The government has made its choice: borrowing in the bond markets trumps repairing our damaged economy in the short term.


NCB economist Brian Devine estimated that GDP growth next year would come in below 2% and only average 2.1% out to 2014, the period in which the budget consolidation must take place to meet EU standards. Recovery level growth, he wrote in a note to clients last week, was unlikely to return until the second half of the decade.


"While it is perverse to say that it is good news when the government is taking out nearly 10% of GDP in fiscal consolidation measures, the reality is that regardless of outcomes, the action needs to be taken," he said. "The problem in the meantime is that the measures could drive economic growth even lower than we expect in the period to 2014."


One of the big problems facing Ireland, and a key reason driving the dramatic fiscal adjustment, according to Dolmen head of research Oliver Gilvarry, is lower economic growth both at home and abroad, plus the high cost of debt for the Irish sovereign and its corporations.


Growth in the UK, one of Ireland's biggest trading partners, was an anaemic 0.8% in the third quarter – a drop from 1.2% in the second-quarter, but ahead of expectations. The US recovery appears to have stalled also, prompting calls for a new stimulus package from Congress or, more drastically, another round of money printing from the Federal Reserve. For an export-led recovery, Ireland needs the UK and the US to buy more of our products and services.


"International developments are crucial to Ireland's growth and fiscal prospects, said Davy economist Aidan Corcoran last week. " If UK demand continues to hold up, it will help to cushion the direct withdrawal of money from the economy that the budget will entail."


Better prospects abroad are almost a requirement for the government's plan to work. Finance minister Brian Lenihan has said the plan is predicated on average growth of 2.75% a year – nothing spectacular, but still lower than the consensus of analysts.
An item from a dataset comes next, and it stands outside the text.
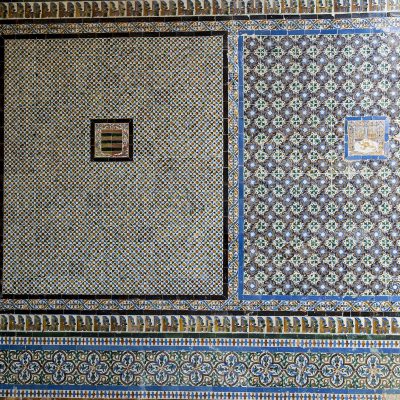 Les murs des galeries de la cour sont ornés de remarquables azulejos aux couleurs profondes à dominante bleu, qui furent exécutés au XVIe siècle.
The country is in something of a Catch 22: we need growth to make the budget adjustments work so we can borrow our way through the crisis, but our budget adjustments and borrowing are likely to have a dampening effect on economic activity.


"We still think that it will be a tall order for Ireland to meet the 2014 deadline, given the fragility of both the domestic and global economy," said Bloxham chief economist Alan McQuaid. "Ireland will have to generate economic growth if the budgetary target is to be met though there will be a better chance of this being achieved if tax increases are kept to a minimum."


Cowen and Lenihan have indicated more emphasis will be placed on spending cuts than tax rises, but the latter have not been ruled out.


With consumer demand still in a slump, according to retail sales figures released last Friday, less disposable income in the next three years means spending – and the domestic market – is likely to remain depressed.